Both teams traded blows with each spot-kick. Mendieta followed, then Salihamidžić, then Carew, and Zickler. All had scored, leaving the tie three apiece. Zahovič was denied by Kahn’s leaping save to his right, and then Canizares cradled Andersson’s tame effort despite a measured run-up from outside the penalty area. Carboni, who had given away the penalty that drew Bayern level, had his effort thunder off the crossbar, much to the fierce enjoyment of Kahn and his clenched fists.
Normal service of success from the spot reconvened when Effenberg, Baraja, Lizarazu, Kily González and Thomas Linke all converted. It would then be left to defender Mauricio Pellegrino after 13 others had come and gone. Pellegrino had been impressive all campaign for Los Che, and to help them secure a European title after last year’s misfortunes would be fitting. What would stand in between him and that glory was Oliver Kahn, however.
From outside the penalty area, Pellegrino sprinted at an angle towards the spot that could only mean one way. A shot with the inside of his foot was aimed towards the far corner of the goal and, sure enough, Kahn guessed correctly. Saved. Bayern had just secured their first European Cup for more than 25 years.
For the retribution of pain and anguish from a few years prior for one side, the suffering continued for another. Valencia, for the second consecutive season, finished runners-up in the Champions League final. An elusive trophy, they would feel a bitter injustice that nothing could remedy, other than the cup itself.

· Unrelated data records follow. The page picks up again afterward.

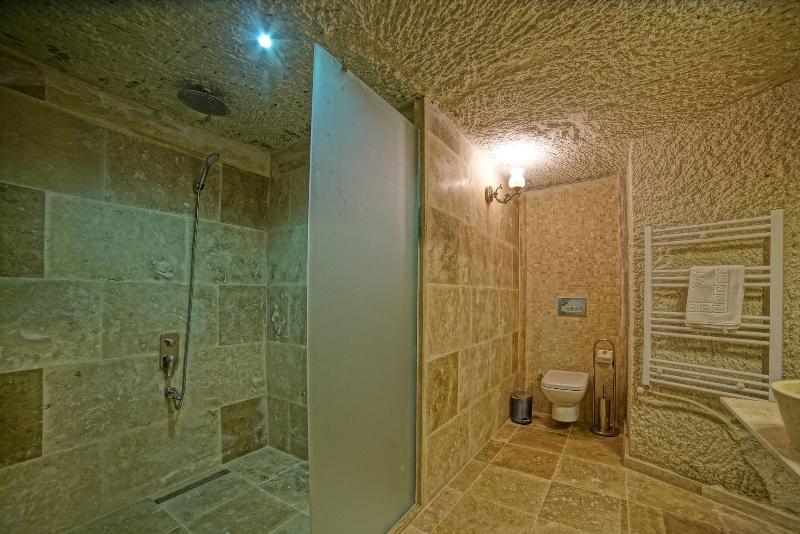 Zeus Cave Suites image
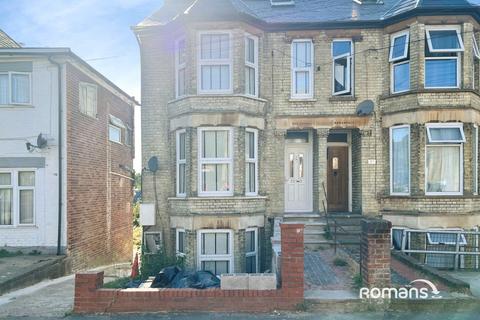 1 bed house for rent in Roberts Road, High Wycombe, Buckinghamshire, HP13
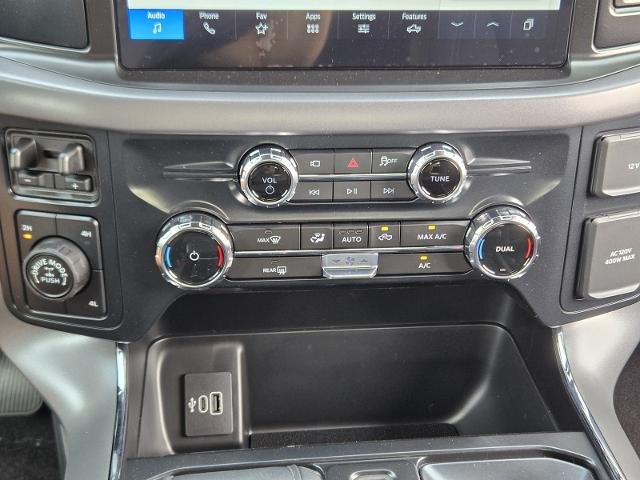 New 2026 Carbonized Gray Metallic FORD XLT image 33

Many assumed that Cúper would, at some point or another, leave the club. He did at the end of the season and was later hired by Inter. After a couple of years, he would return to his former club Mallorca in Spain and take on another eight jobs after that. Cúper, remarkably, has been involved in professional football for the last four decades, though his search for intercontinental silverware remains evasive.
The 2001 Valencia side diverged and branched into different areas. Albelda, Baraja and Cañizares would all remain at the club until the end of their careers, amassing 1,166 appearances between them, with Baraja having returned in a coaching capacity since then.

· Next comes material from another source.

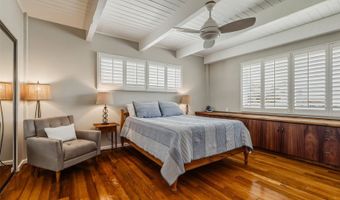 586 Kaimalino St, Kailua, HI 96734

The ruthless centre of defence, in Ayala and Pellegrino, went elsewhere. The former played out his days at Real Zaragoza and Racing Club in his native Argentina, whilst the latter had an unremarkable spell with Liverpool before returning to Spain with Alavés.

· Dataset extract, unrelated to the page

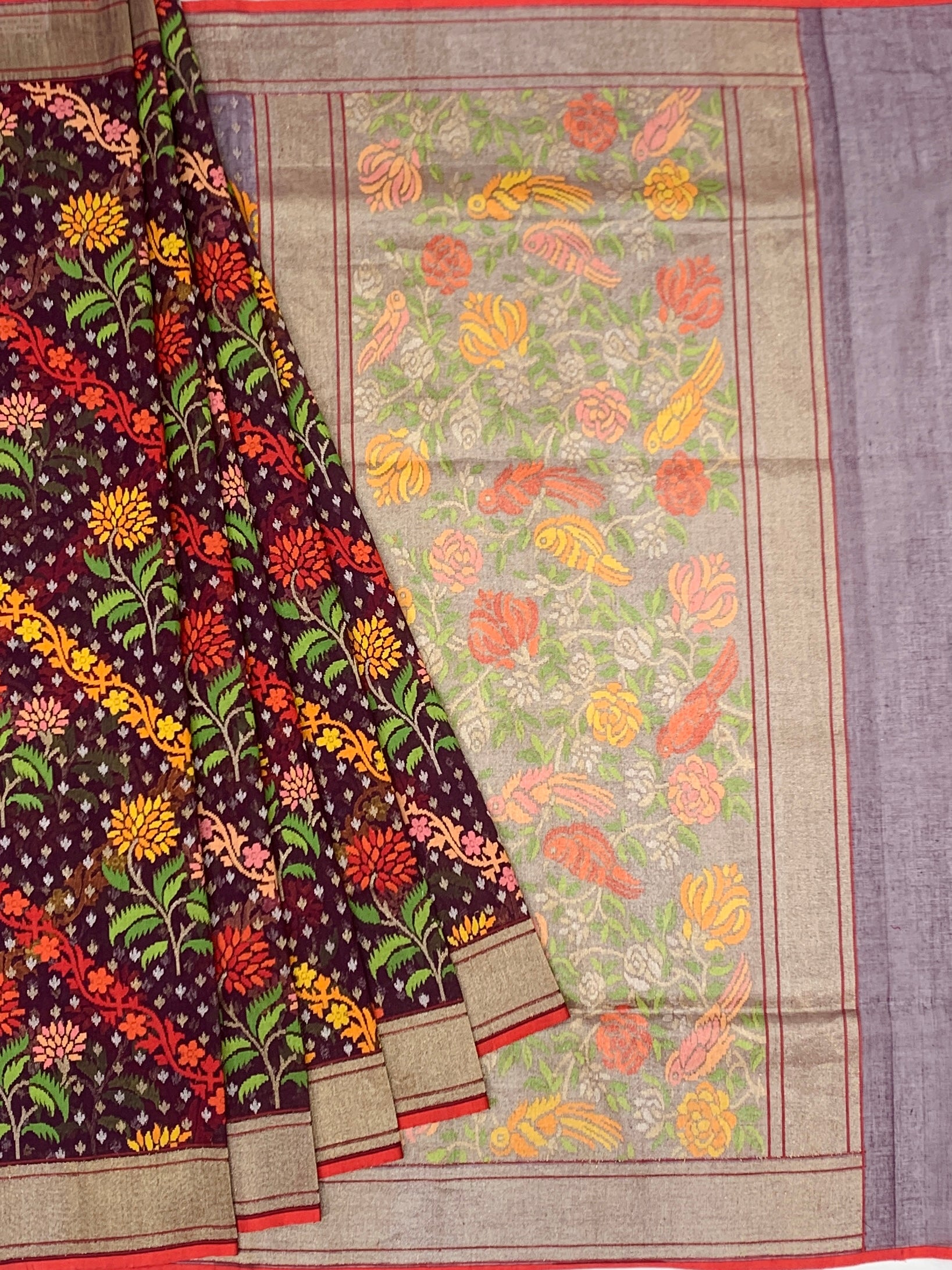 Majestic Deep Aubergine Cotton Jamdani Saree with Diagonal Floral Vines and Avian Pallu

Mendieta became something of a fabled hero with Middlesbrough, despite that troubled stint with Lazio, with Carew doing similar at Aston Villa and featuring for several others, including both Stoke City and West Ham, in the process.
Since then, Los Che have remained unable to remain consistently successful. The rise of Atlético Madrid and Sevilla in recent years, with both having won and retained European titles on four separate occasions since then, leaves their work cut out for them. When the club decided to let go of Juan Mata, David Silva and David Villa, it spelt a sharp decline.
At the beginning of the new decade, Roberto Soldado was the club’s leading goalscorer in three consecutive campaigns. He has since left, struggled to replenish that scintillating form, and returned to his native Spain in the form of Villarreal. Though they struggled in the Champions League, two of those three seasons were third-place league finishes.
Soldado lamented his exit and disastrous spell with Tottenham, putting it down to mentality. “I think in the end what let me down was my head; for whatever reason, it wasn’t right,” he told the Guardian‘s Sid Lowe in an interview. Now the talk of the town revolves around Paco Alcácer, and fears of when – and not if – he will leave.
You can only really describe Valencia to be in permanent slumber at the moment, sleepwalking into further derision. When they will wake up is anyone’s guess, but the teams of yesteryear serve as a reminder of not just who they once were, but also what they wish they had become.